Skip to content

[SPARK-56802][SQL] Add bulk read+widen path for FLOAT to Double Parquet vector updater#55816

Draft
LuciferYang wants to merge 4 commits into
apache:masterfrom
LuciferYang:SPARK-56802-float-to-double
Draft

[SPARK-56802][SQL] Add bulk read+widen path for FLOAT to Double Parquet vector updater#55816
LuciferYang wants to merge 4 commits into
apache:masterfrom
LuciferYang:SPARK-56802-float-to-double

Conversation

@LuciferYang
Copy link
Copy Markdown
Contributor

What changes were proposed in this pull request?

Extend the bulk read+widen pattern introduced in SPARK-56791 to FloatToDoubleUpdater (parquet FLOAT read into Spark DoubleType).
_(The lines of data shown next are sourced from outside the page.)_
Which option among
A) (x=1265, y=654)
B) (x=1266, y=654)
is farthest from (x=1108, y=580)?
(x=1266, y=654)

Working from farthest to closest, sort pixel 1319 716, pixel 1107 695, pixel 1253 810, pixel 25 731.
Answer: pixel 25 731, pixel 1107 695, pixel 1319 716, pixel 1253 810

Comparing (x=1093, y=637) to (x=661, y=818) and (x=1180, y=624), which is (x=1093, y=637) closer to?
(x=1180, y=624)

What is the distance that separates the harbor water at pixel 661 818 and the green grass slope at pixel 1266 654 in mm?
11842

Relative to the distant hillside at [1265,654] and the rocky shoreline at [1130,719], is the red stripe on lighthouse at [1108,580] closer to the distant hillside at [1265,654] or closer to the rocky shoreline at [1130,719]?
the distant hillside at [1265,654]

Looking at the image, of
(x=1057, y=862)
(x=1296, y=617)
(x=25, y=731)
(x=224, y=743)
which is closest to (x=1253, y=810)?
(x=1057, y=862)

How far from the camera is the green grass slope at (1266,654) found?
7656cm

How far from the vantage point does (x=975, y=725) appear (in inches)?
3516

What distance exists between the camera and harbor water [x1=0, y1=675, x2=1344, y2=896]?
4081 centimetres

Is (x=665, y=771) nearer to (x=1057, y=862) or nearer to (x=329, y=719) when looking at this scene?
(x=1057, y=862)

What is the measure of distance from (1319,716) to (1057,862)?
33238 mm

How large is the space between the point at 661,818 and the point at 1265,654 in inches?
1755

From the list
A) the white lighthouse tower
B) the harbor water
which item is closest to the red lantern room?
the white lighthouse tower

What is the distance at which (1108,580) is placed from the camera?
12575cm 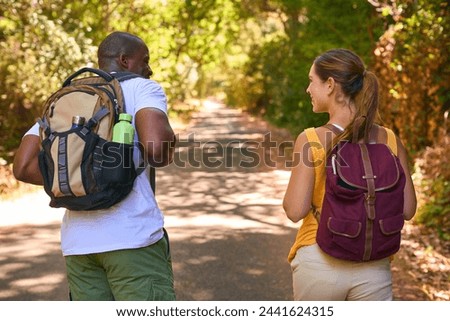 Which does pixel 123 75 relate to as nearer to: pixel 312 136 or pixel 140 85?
pixel 140 85

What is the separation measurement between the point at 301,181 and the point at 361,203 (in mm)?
257

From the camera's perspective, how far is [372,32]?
13781 mm

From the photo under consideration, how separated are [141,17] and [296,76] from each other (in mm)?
7962

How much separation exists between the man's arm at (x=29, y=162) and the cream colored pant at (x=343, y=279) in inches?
46.5

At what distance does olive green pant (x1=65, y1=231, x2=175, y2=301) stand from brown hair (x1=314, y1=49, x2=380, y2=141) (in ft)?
3.23

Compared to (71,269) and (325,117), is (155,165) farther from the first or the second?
(325,117)

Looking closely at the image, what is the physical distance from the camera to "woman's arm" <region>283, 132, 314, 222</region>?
8.63 feet

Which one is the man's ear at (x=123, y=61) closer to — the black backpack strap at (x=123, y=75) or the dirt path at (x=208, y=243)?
the black backpack strap at (x=123, y=75)

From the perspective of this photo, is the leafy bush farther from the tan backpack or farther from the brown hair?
the tan backpack

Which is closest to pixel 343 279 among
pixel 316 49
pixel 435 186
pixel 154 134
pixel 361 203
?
pixel 361 203

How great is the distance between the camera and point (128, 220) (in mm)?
2588

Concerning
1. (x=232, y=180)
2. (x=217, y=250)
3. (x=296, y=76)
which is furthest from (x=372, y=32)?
(x=217, y=250)

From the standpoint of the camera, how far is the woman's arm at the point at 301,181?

A new readFloatsAsDoubles default method on VectorizedValuesReader does the per-row fallback. VectorizedPlainValuesReader overrides it to fetch source bytes once via getBuffer(total * 4) and run a tight in-method conversion loop. FloatToDoubleUpdater.readValues becomes a one-line delegation. The widen is Java's primitive float-to-double conversion: exact for every finite and infinite float; a NaN float widens to a double NaN (the JVM may canonicalize the payload).

Why are the changes needed?

FloatToDoubleUpdater.readValues allocates a fresh ByteBuffer slice inside getBuffer(4) for every element on the legacy path, and that allocation dominates the loop. Collapsing N allocations into one is the same win SPARK-56791 delivered for the INT32 -> Long sibling.

Does this PR introduce any user-facing change?

No.

How was this patch tested?

(To be updated after the GHA benchmark and test runs complete.)

Was this patch authored or co-authored using generative AI tooling?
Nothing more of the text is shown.